Repubblica 27.9.18
L’Austria e i media critici
Il bavaglio ai giornali Vienna si pente
di Tonia Mastrobuoni
L’Austria
è governata da una coalizione di conservatori e destra xenofoba e da un
cancelliere, Sebastian Kurz, che guarda con simpatia all’Ungheria di
Orbán e all’Italia di Matteo Salvini e Luigi Di Maio. E aspira a formare
con il nostro Paese e i quattro di Visegrad un’internazionale
sovranista che ridimensioni la Ue e usi il pugno duro contro i migranti.
Una premessa indispensabile per capire a fondo lo scandalo che ha
coinvolto il ministro dell’Interno, Herbert Kickl, considerato una delle
figure più influenti della destra, accusato in passato di
frequentazioni estremiste.
Nei giorni scorsi è emerso che dal suo
ministero sarebbe partita una mail diretta ai capi della polizia di
tutta l’Austria, in cui si consigliava di «limitare al massimo» il
contatto con tre media citati esplicitamente: il quotidiano progressista
Standard, il settimanale d’inchiesta Falter
e il tabloid Kurier.
Rei di essere "critici o parziali nei confronti del ministero e della
polizia". Inoltre l’emissario di Kickl consigliava vivamente alle
questure, dettaglio altrettanto inquietante, di citare esplicitamente
nei loro resoconti la nazionalità di chi commette crimini.
Tanto per rendere il clima più piacevole attorno a profughi e migranti.
Quando
la mail è stata rivelata da alcuni media, Kickl è stato investito da
una bufera. Il presidente della Repubblica, Alexander Van der Bellen, ha
definito «inaccettabile» il tentativo di mettere il bavaglio alla
stampa. E il cancelliere Kurz non soltanto gli ha fatto eco, ma ha
dichiarato che «la limitazione o il boicottaggio di determinati media
non può esistere, in Austria. Ciò vale per gli uffici stampa di tutti i
ministeri e di tutte le istituzioni pubbliche». Infine, l’opposizione ha
presentato una mozione di sfiducia contro Kickl che ha tenuto il
Parlamento occupato per l’intera giornata di ieri.
Dinanzi alla
levata di scudi delle massime autorità dello Stato e della rivolta
dell’opposizione e dell’Associazione dei giornalisti austriaci, Kickl è
dovuto precipitosamente correre ai ripari smentendo di saperne nulla. In
un primo momento, i suoi avevano tentato di minimizzare, ma l’ondata di
indignazione che ha travolto il ministero lo ha costretto a una rapida
marcia indietro.
Kickl ha fatto sapere di aver parlato con il
firmatario della mail e ha dovuto diffondere una dichiarazione che suona
così: «La libertà di stampa è intoccabile» e «le formulazioni (della
mail, ndr) su come interagire con "media critici" non hanno il mio
consenso».
Ipocrisie, si dirà.

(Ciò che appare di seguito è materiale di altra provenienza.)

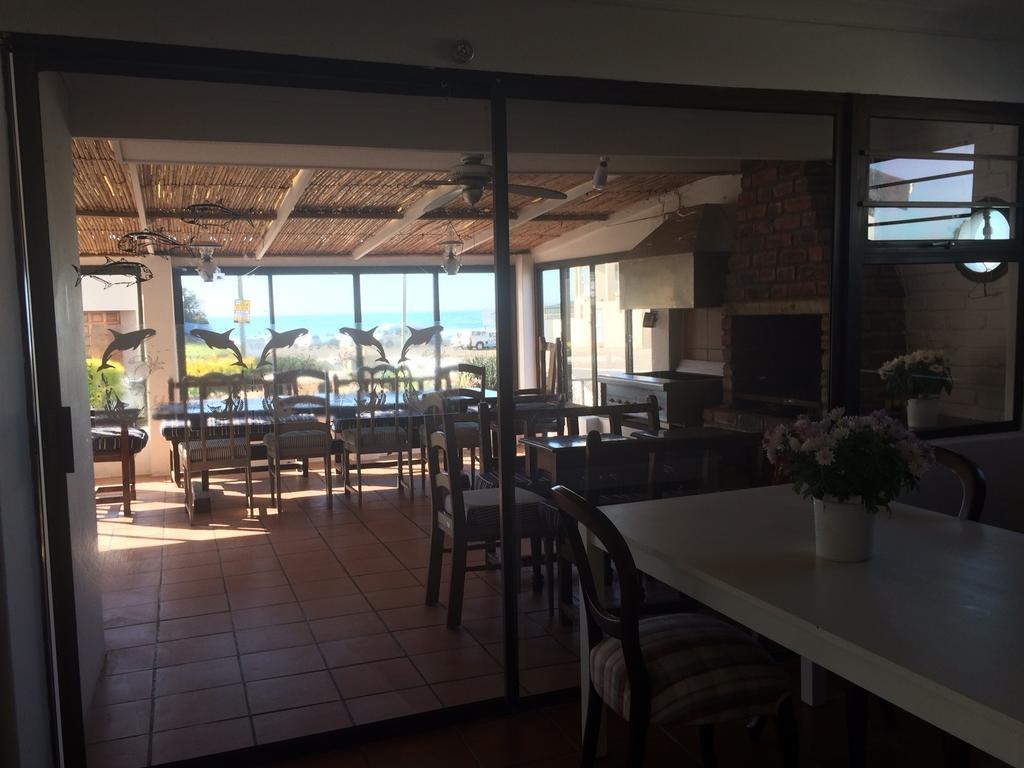 Breeze Inn Guesthouse Kiddʼs Beach Buitenkant foto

Come molti altri colleghi, Kickl
applica già, probabilmente, una censura preventiva verso determinati
media senza scriverlo in una scottante mail. Esattamente come accade in
altri paesi. In Italia, ad esempio, succede da anni. Chiunque faccia il
nostro mestiere sa che la discriminazione dei giornali e dei giornalisti
scomodi è una realtà da tempo. E ha raggiunto con il governo
giallo-verde vette impensabili, con tanto di liste di proscrizione
periodicamente aggiornate, pubbliche reprimende, minacce di purghe e
leggi ricattatorie sventolate a ogni piè sospinto. La differenza tra noi
e l’Austria, additata così spesso come Paese in preda alle destre più
retrive, è che lì è scattato un riflesso condizionato di salvaguardia
della libertà di stampa, un cordone sanitario che ha coinvolto tutti,
maggioranza e opposizione e, in primis, il capo del governo. E l’affaire
Kickl ci ha ricordato così che esistono ancora Paesi dove c’è un certo
pudore a mettere apertamente in discussione la libertà di stampa. Un
pudore che in Italia sembra svanito da tempo.